Teenage drivers are the largest age group reported as distracted at the time of fatal crashes. A recent study by the AAA Foundation for Traffic Safety found that distraction was a factor in nearly six out of 10 moderate-to-severe teen crashes. What’s more, 40 percent of teens say they have been in a car when the driver used a cellphone in a way that put people both inside and outside the car in danger.
While legislation is only one important step toward eliminating death and injury connected to distracted driving, these laws also further our ongoing and successful effort to educate young drivers about the dangers of taking their eyes off the road. Back in 2010, Arbella’s claims staff started noticing a rise in the number of accidents resulting from distracted driving. Committed to tackling this problem head on, the Arbella Insurance Foundation created Distractology. For the past seven years, our high-tech driving-training program has been traveling to high schools across New England, educating young, inexperienced drivers on the dangers of distracted driving.
Our own data from that program has proven that drivers who complete the training are 19 percent less likely to have an accident and 25 percent less likely to get traffic violations. More than 12,000 new drivers have been through the Distractology training, and almost every one of those drivers tells us it opened their eyes to the real-life dangers of multi-tasking at the wheel.
Education, coupled with enhanced legislation, can teach people to practice safe driving, helping to ensure their safety and the safety of those around them. It’s our hope that by working together with new drivers, educators, lawmakers, and parents, we can break drivers’ addictions to their mobile phones and create a new generation of safe drivers who recognize distracted driving is not only dangerous, but unacceptable.
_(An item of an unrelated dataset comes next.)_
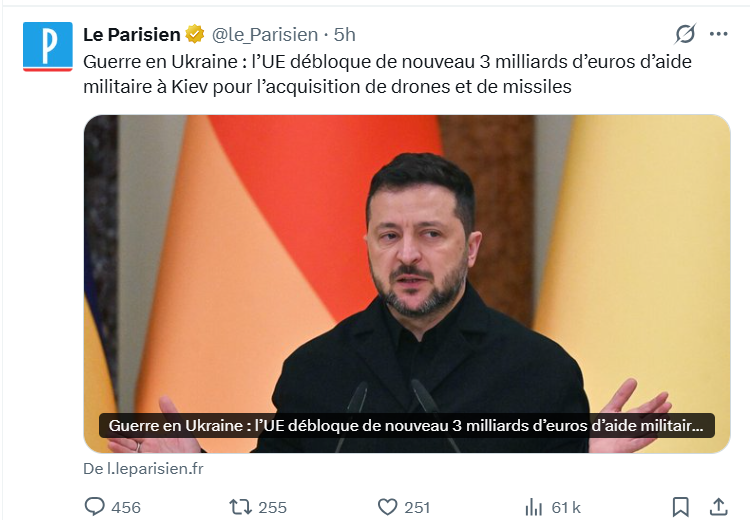 FredGaulois's tweet photo. Et hop, encore un don des Français de + 500 millions d'€ pour acheter des drones et des missiles qui frapperont des raffineries en Russie qui auront comme impact une hausse des carburants.
On a des génies à la tête de l'UE, et les Français sont les dindons de la farce... https://t.co/f3UJwBPFxh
As of this past summer, 15 states, including Rhode Island, Connecticut, Vermont, and New Hampshire, have already taken the important step of passing hands-free laws. It’s time for Massachusetts to finally catch up. Similar driving laws have been passed by the Massachusetts Senate in previous years and left to sit, forgotten, in the House. With this new data, and the lives of Massachusetts residents in mind, we urge lawmakers in the House of Representatives to do their part to fight this safety threat by taking up the new bill and passing it.
John Donohue is chairman and president of the Arbella Insurance Foundation.